[Lustre-devel] Feed API draft for comment

Mon Jan 28 13:32:43 PST 2008

Nathan,

> 2.1.1
> The type-specific data struct looks awfully like an MDS_REINT record...
> It would be highly convenient if it were exactly the same.  That would
> make it possible, for example, to implement a mechanism like the ZFS
> "send" and "receive" functionality (at the Lustre level) to clone one
> filesystem onto another by "simply" taking the feed from the parent
> filesystem and driving it directly into the batch reintegration mechanism
> being planned for client-side metadata cache.

Didn't we rule this out in Moscow?

> Is there a benefit to having the clientname as an ASCII string, instead
> of the more compact NID value?  This could be expanded in userspace via
> a library call if needed, but avoids server overhead if it isn't needed.

Yes (compact wire representation - lower layers already have it)
No (interop MUCH easier with strings)

> One aspect of the design that is troubling is the guarantee that a
> feed will be persistent once created.  It seems entirely probable that
> some feed would be set up for a particular task, the task completed, and
> then the userspace consumer being stopped without being destroyed, and
> never restarted again.  This would result in a boundless growth of the
> feed "backlog" as there is no longer a consumer.

Needs a good answer

> I'm assuming that the actual kernel implementation of the feed stream
> will allow a "poll" mechanisms (sys_poll, sys_epoll, etc.) to notify
> the consumer, instead of having it e.g. busy wait on the feed size?
> There are a wide variety of services that already function in a similar
> way (e.g. ftp and http servers), and having them efficiently process
> their requests is important.

Good point

> Also, the requirement that a process be privileged to start a feed
> is a bit unfortunate.  I can imagine that it isn't possible to start a
> _persistent_ feed (i.e. one that lives after the death of the application)
> but it should be possible to have a transient one.  

I wouldn't be tempted to relax the privilege required to do _anything_at_all_
with a feed until the security issues are _completely_ understood.

> A simple use case
> would be integration into the Linux inotify/dnotify mechanism (and
> equivalent for OS/X, Solaris) for desktop updates, Spotlight on OS/X,
> Google Desktop search, etc.  It would of course only be possible to
> receive a feed for files that a particular user already had access to.
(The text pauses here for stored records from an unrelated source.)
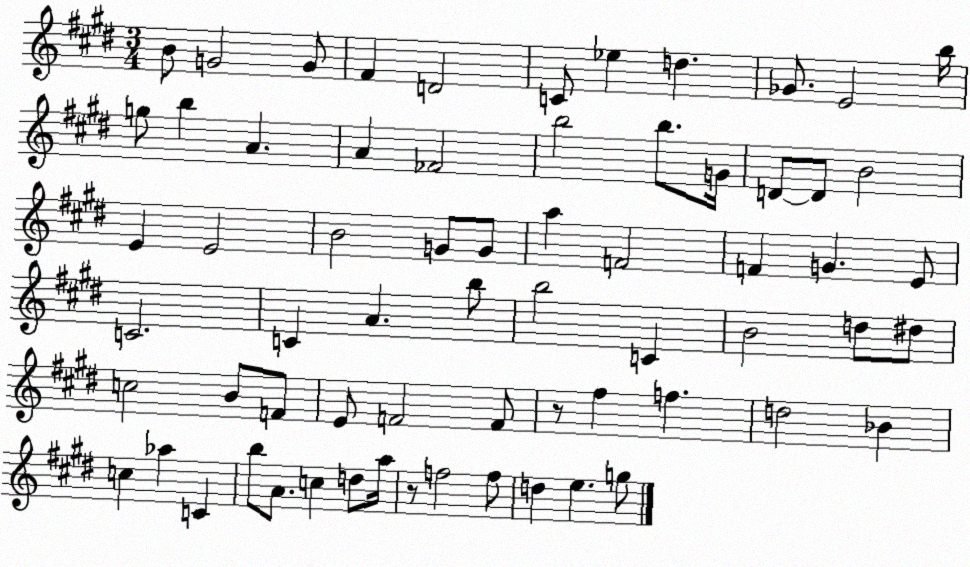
X:1
T:Untitled
M:3/4
L:1/4
K:E
B/2 G2 G/2 ^F D2 C/2 _e d _G/2 E2 b/4 g/2 b A A _F2 b2 b/2 G/4 D/2 D/2 B2 E E2 B2 G/2 G/2 a F2 F G E/2 C2 C A b/2 b2 C B2 d/2 ^d/2 c2 B/2 F/2 E/2 F2 F/2 z/2 ^f f d2 _B c _a C b/2 A/2 c d/2 a/4 z/2 f2 f/2 d e g/2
Until you've really thought through the security implications, a statement
as seemingly obvious as this can't be trusted.  Security issues are
profoundly devious.

> For applications like backup/sync it is also undesirable that the operator
> not need full system privileges in order to start the backup. I suppose
> unprivileged access might be possible by having the privileged feed be
> sent to a secondary userspace process like the dbus-daemon on Linux...
> This also implies that the feed needs to be filterable for a 
> given user.

Again - must be thought through _completely_ before relaxing constraints.

> For consumer feed restart, how does the consumer know where the first
> uncancelled entry begins?  Assuming this is a linear stream of records
> the file offsets can become very large quite quickly.  A mechanism like
> SEEK_DATA would be useful, as would adding some parameters to the
> llapi_audit_getinfo() data structure to return the first and available
> record offset.  Also, there is the risk of 2^64-byte offset overflow
> if this is presented as a regular file to userspace.  It would make more
> sense to present this as a FIFO or socket.

(BTW, please check my figures in the following - it's too easy to be out
 by an order of magnitude...)

2^64 is about 16384 petabytes, so not than many orders of magnitude bigger
than the whole filesystems envisaged for the near future.  Can a feed
include the actual data?  If so, then this could be a real limitation
(say in the next decade).

However it will take 54 years to push 2^64 bytes as a single stream through
a 10GByte/sec network and even with a future 1TByte/sec network (wow - 
imagine that) it would still be 6 months.  So it's not a limitation for a
single stream FTTB.

But must a feed necessarily be a single stream?  Will the bandwidth at
which a feed can be created never exceed the capacity of a single pipe?
Can we envisage the use cases of a clustered feed receiver?  Could that
ever include another lustre filesystem?

    Cheers,
              Eric